Arrisco uma resposta: os tais leitores eram favoráveis à omissão da foto porque sabem que o gesto do PM está errado; envergonham-se de viver numa sociedade que, perplexa diante da violência, vê como única saída o abandono aos princípios básicos da civilização. Uma sociedade que, ao chutar o bandido, iguala-se aos marginais. Os leitores talvez, no fundo, envergonhem-se até mesmo de defender o que defendem – o que é errado a gente esconde, como disse aquele então ministro, o flagrado pela parabólica.

Ao defenderem um Estado marginal – porque feito à margem, fora da lei – cidadãos fazem uma aposta arriscada. Entregam aos homens calçados com aquelas botas o direito de meter o pé na cara de quem bem entendam, partem do princípio de que seus rostos – ou o rosto de seus filhos, de seus amigos, dos seus empregados – nunca serão atingidos pelo pontapé de um agente do Estado.
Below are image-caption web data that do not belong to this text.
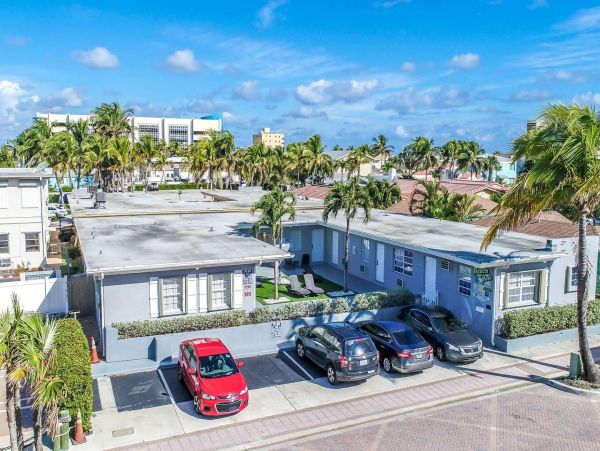 Hollywood Condo 978773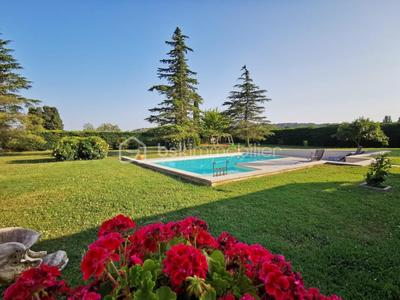 Villa - 151 m² - 6 pièces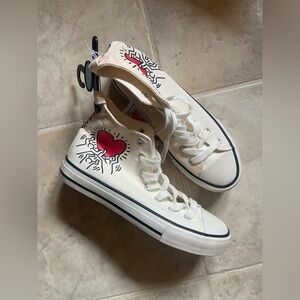 Shoes Sneakers Women 8 EU 39 Keith Haring White Hearts New NWT
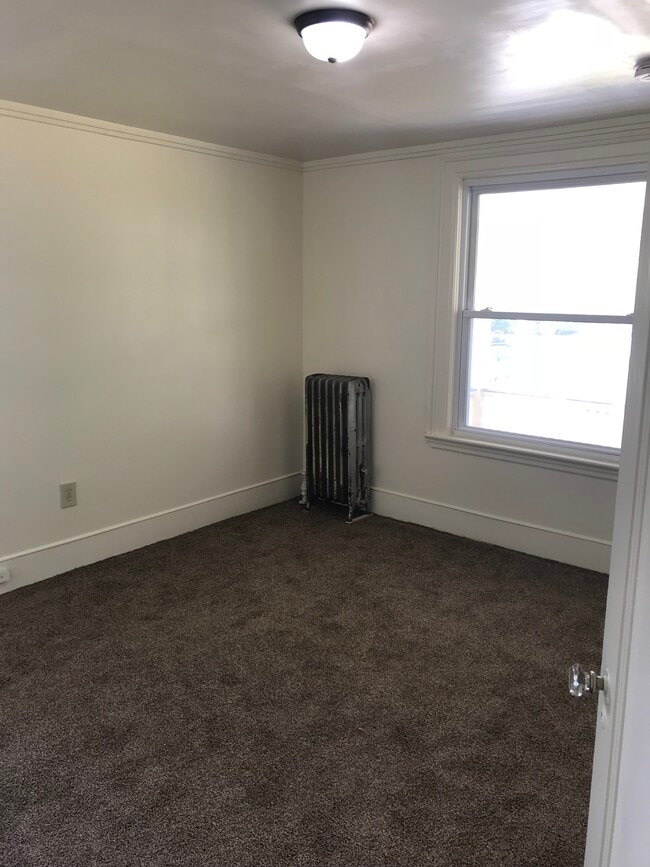 Bedroom - 1708 Linden St Unit B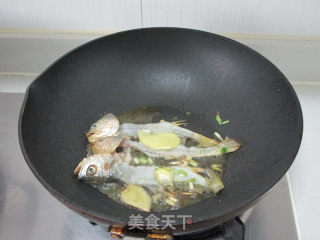 【上海】酸菜黄鱼面的做法步骤：6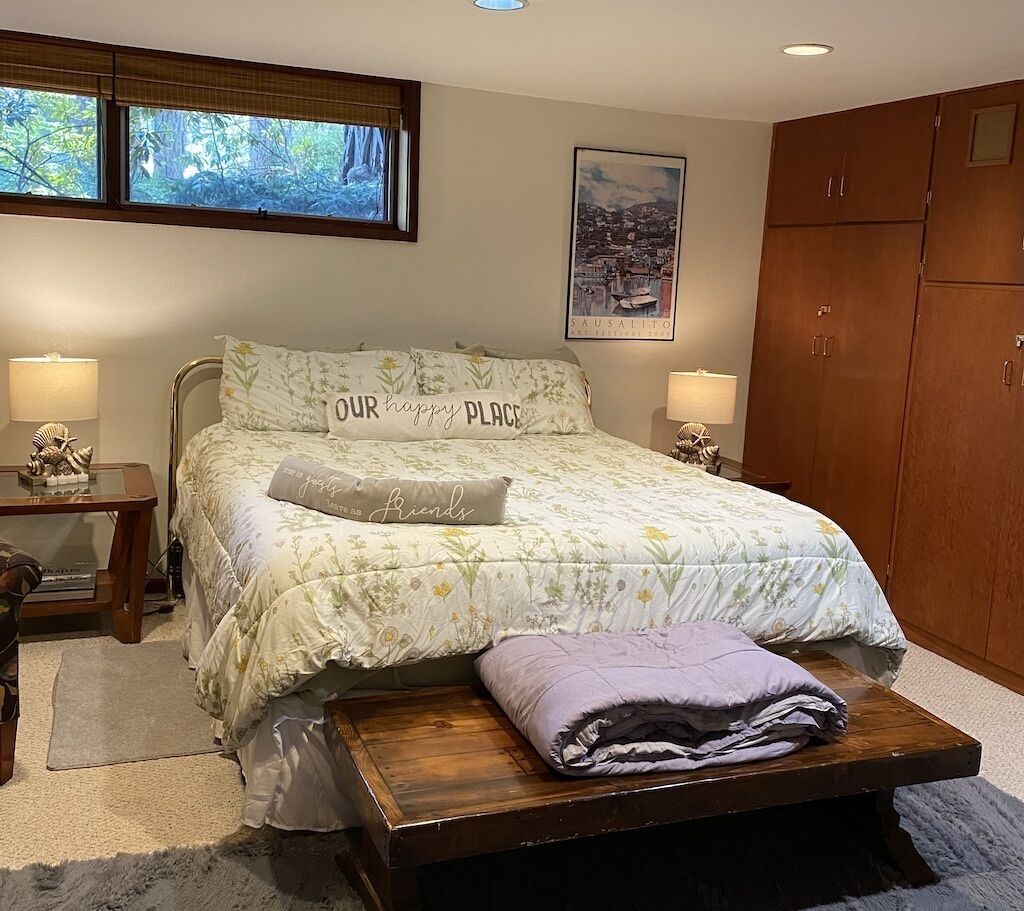 Mother-In-laws unit with Hot Tub, Relax and enjoy!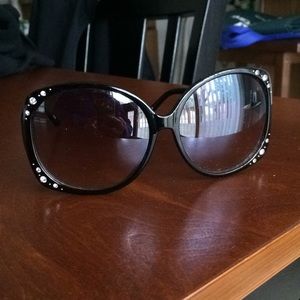 ♻️♻️DONATED ♻️♻️ Diamond sunglasses
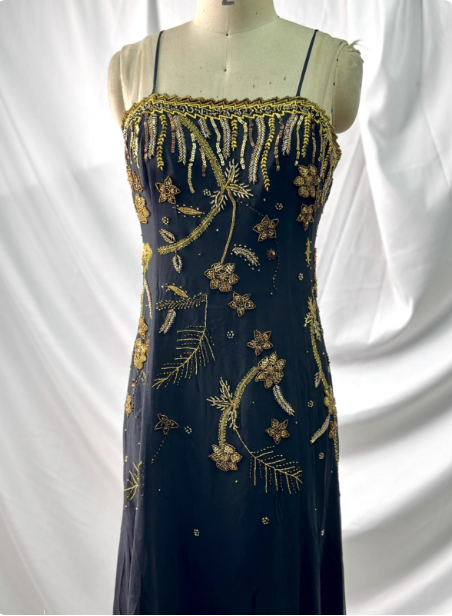 Luxuriöses Vintage Schwarzes Chiffon Abendkleid mit dünnen Trägern und goldener Perlenstickerei P4391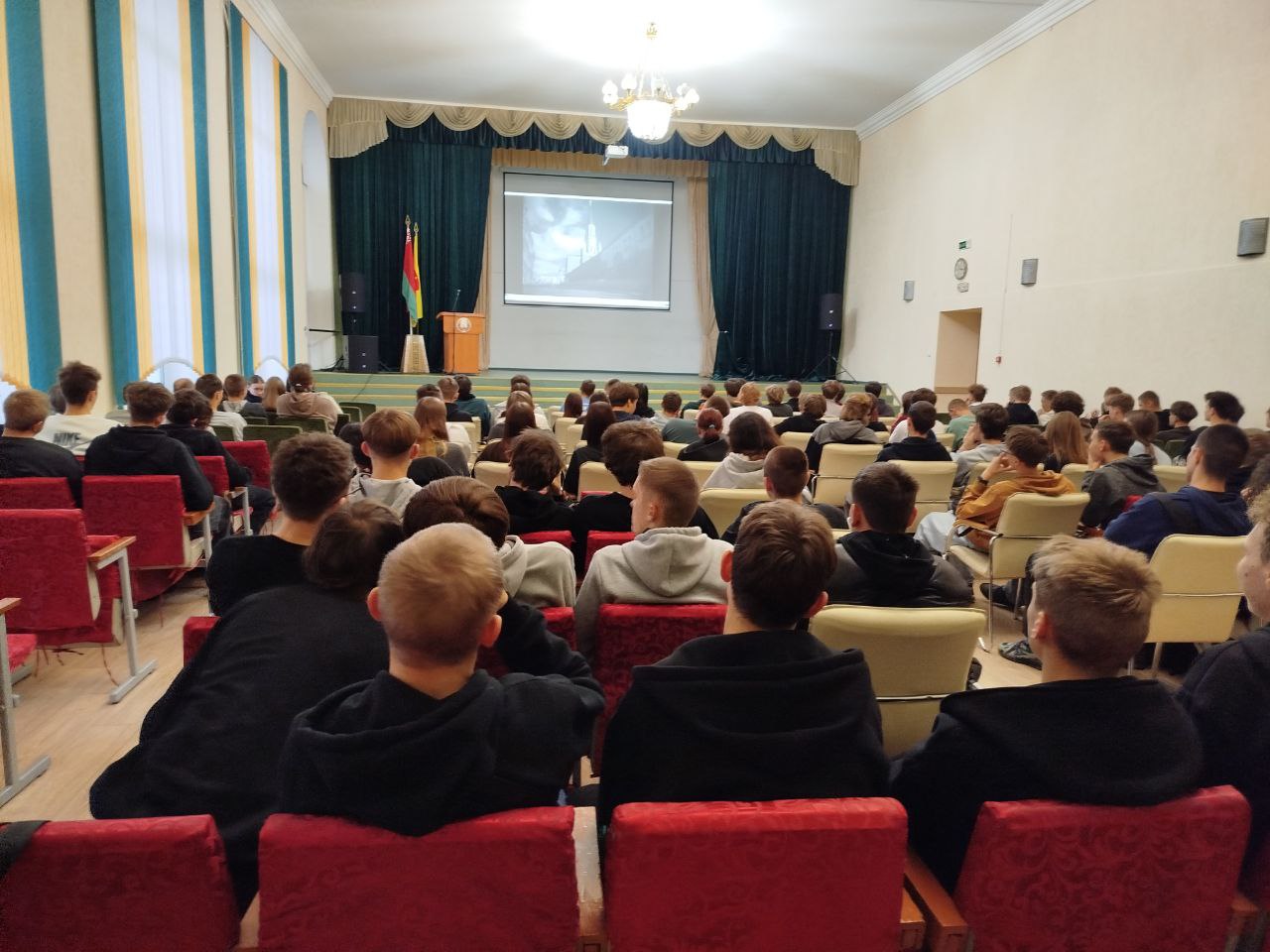 photo 2025-11-28 16-12-58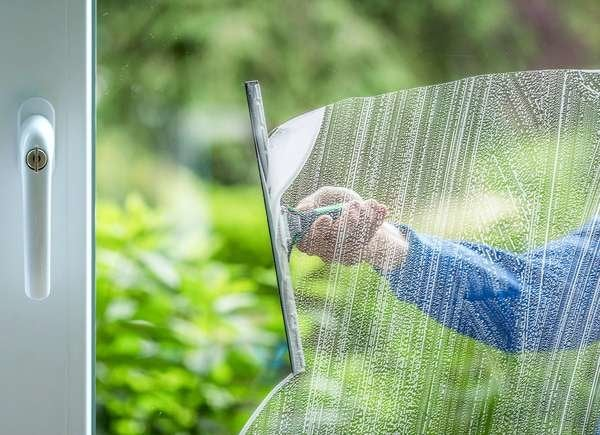 15 Unusual Tips for Your Cleanest Windows Ever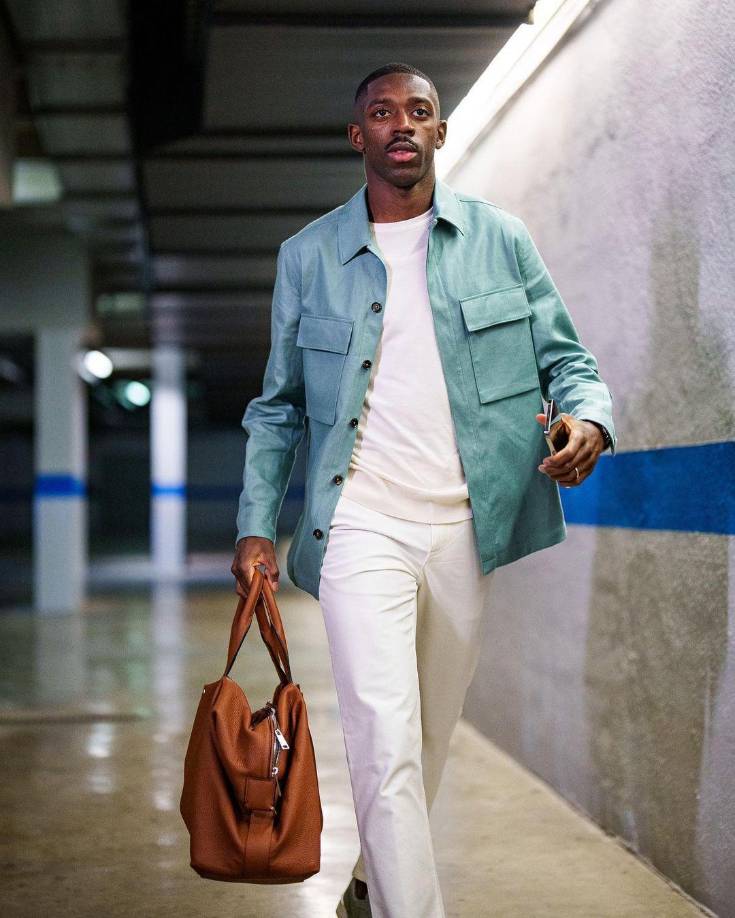 El francés Ousmane Dembelé pasó este jueves el reconocimiento médico previo a su firma por el Paris Saint-Germain.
Estão convictos de que nunca serão achacados, sofrerão extorsão, nunca serão – nem eles nem os seus – vítimas de um flagrante armado ou mesmo de um mal-entendido (ou será que nossa polícia é tão boa que só prende culpados, tão precisa que é incapaz de chutar, bater ou, admita-se, em tese, matar um inocente?). Os leitores das cartas têm certeza de que nunca serão detidos, nem precisarão, em benefício próprio, exigir o respeito aos direitos humanos; estão certos de que nunca correrão o risco de levarem tiros disparados a esmo em ruas da Baixada Fluminense.

Quando justificam e estimulam o comportamento ilegal dos agentes do Estado, os leitores contribuem para desvalorizar a PM, para humilhar a instituição e todos aqueles que nela trabalham e que, diariamente, em nosso nome, arriscam suas vidas. As cartas que apoiaram o chute na cara defendem uma polícia de atitudes clandestinas, inconfessáveis, feitas à sombra. Uma polícia que se envergonhe de seus gestos. Nas cartas, os leitores manifestam a incapacidade de admitir uma PM eficiente, que atue com firmeza, dentro dos parâmetros da legalidade. Uma instituição madura que saiba – como qualquer outra instituição – da impossibilidade de controlar todos os seus integrantes, mas que se mostre justa na apuração e punição de eventuais desvios.

Talvez os leitores que defenderam o PM do chute não tenham notado, mas a capa do GLOBO de sábado é tão interessante e didática quanto a da véspera. Registra o protesto contra a publicação da foto e, logo acima, destaca uma manifestação de parentes de vítimas da recente chacina na Baixada, que, ao que tudo indica, foi praticada por policiais militares. Os manifestantes usavam toucas ninjas iguais às utilizadas pelos autores da chacina, iguais às usadas na chacina de Vigário Geral e em tantas e tantas outras. As duas notícias – o protesto contra a foto e o registro da manifestação – são correlatas. A indignação dos leitores ajuda a entender a ocorrência das chacinas. Ao estimularem a violência do Estado, cidadãos se tornam um pouco responsáveis por uma polícia que não ousa mostrar o rosto e que pode chutar a cara de qualquer um de nós.